- Born: October 15, 1909 Brooklyn, New York
- Died: May 23, 2011 (aged 101) Hollywood Hills, Los Angeles, California
- Occupation(s): Special effects artist, film producer
- Spouse: Dorothea Holt Redmond (1940–2009)

= Harry Redmond Jr. =

American film producer

Harry Redmond Jr. (October 15, 1909 – May 23, 2011) was an American special effects artist and film producer whose career spanned decades in the entertainment industry. Redmond was the husband of the late production designer and illustrator, Dorothea Holt Redmond, who helped design Main Street in Disneyland and the Seattle Space Needle.

==Biography==
===Early life===
Born in Brooklyn, Redmond was the son of Harry Redmond Sr., an early special effects artist and film producer. Redmond Sr. operated the former Metropolitan Studios, located on Long Island, New York. Redmond Jr. relocated to Southern California in 1926, where Redmond began a career in film as well.

===Career===
Redmond began his career at First National Pictures prop department. He moved to RKO Studios, where he joined the special effects studio for four years. Redmond created special effects for some of RKO's highest profile films throughout the 1930s, including King Kong in 1933 and The Last Days of Pompeii, She and the comedic film, Top Hat, which were all released in 1935, as well as RKO films starring Fred Astaire and Ginger Rogers.

Redmond left RKO after four years in order to create special effects for films on a freelance, independent basis.

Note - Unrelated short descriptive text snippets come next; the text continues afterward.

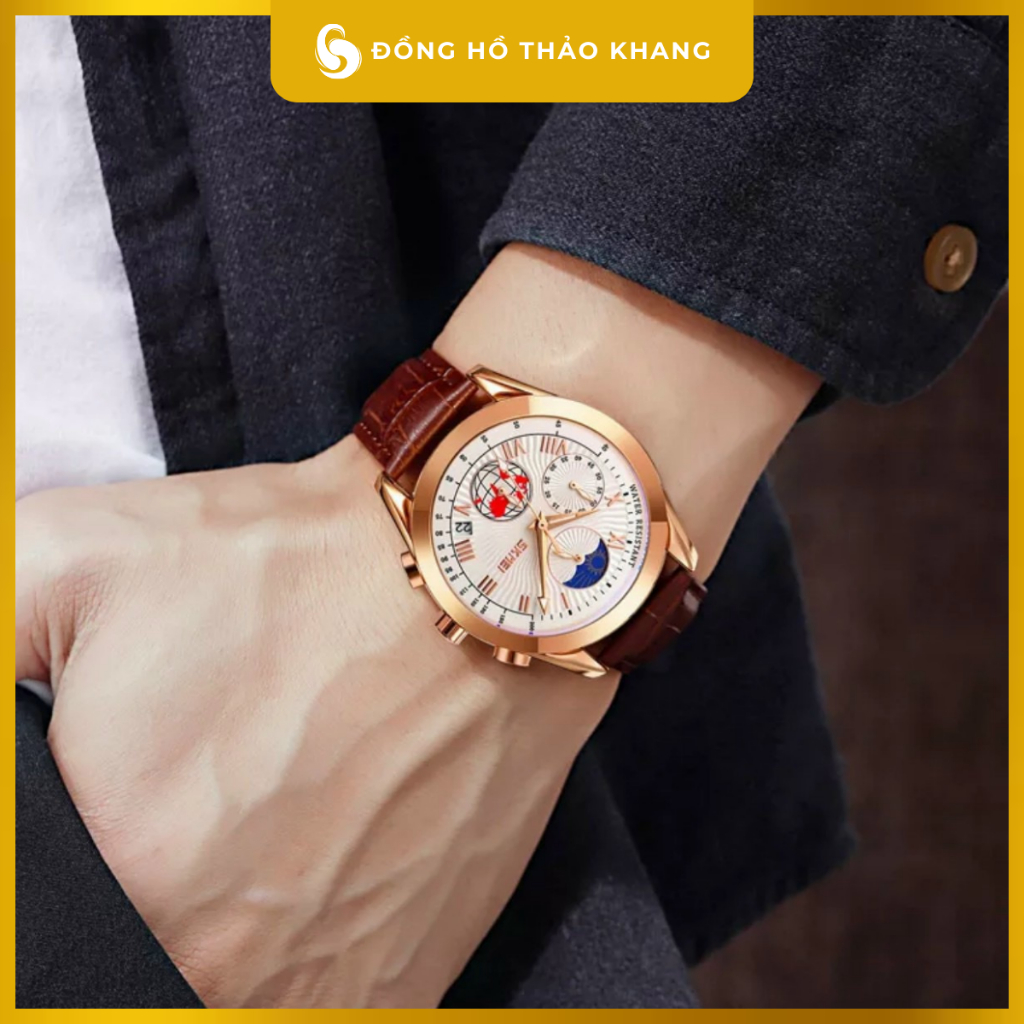 Đồng hồ nam Skmei chính hãng chạy full 6 kim mặt kính Sapphire sang trọng | BigBuy360 - bigbuy360.vn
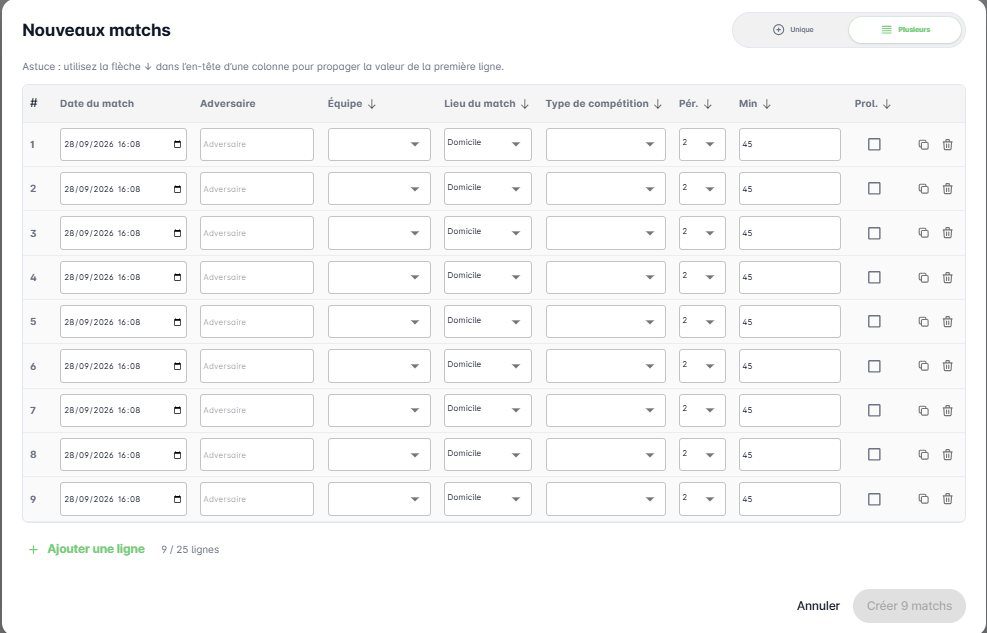 coach 360 - Gestion des matchs 3 Création de plusieurs matchs en une fois dans Coach360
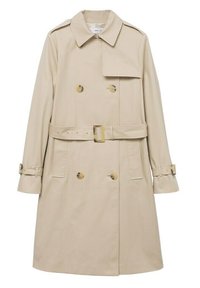Beżowy płaszcz trench w wodoodpornym materiale, z podwójnym zapięciem na guziki, złotymi guzikami, paskiem oraz regulowanymi mankietami.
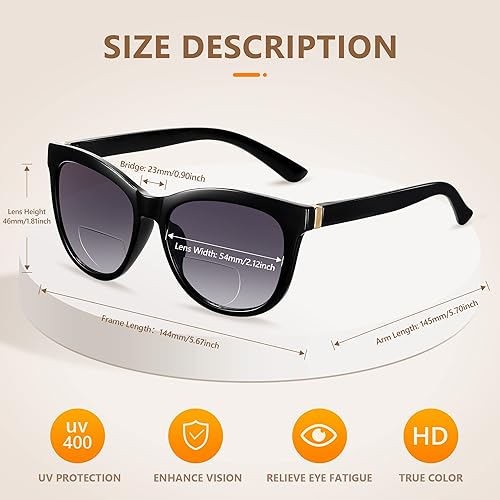 Miniatura 5 de EASY READ Lentes de sol bifocales de lectura para mujer, a la moda, con protección UV400 (aumento 1.75, negro)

His film credits during this era included Lost Horizon for director Frank Capra in 1937, Only Angels Have Wings for Howard Hawks in 1939, the western film The Outlaw for Howard Hughes in 1943, The Woman in the Window for Fritz Lang in 1944 and The Stranger for Orson Welles in 1946.

Redmond moved briefly from Hollywood to Fort Monmouth, a United States Army base in Monmouth County, New Jersey, upon the outbreak of World War II. He oversaw the construction and design of a new film studio for the Army Film Training Lab at Fort Monmouth.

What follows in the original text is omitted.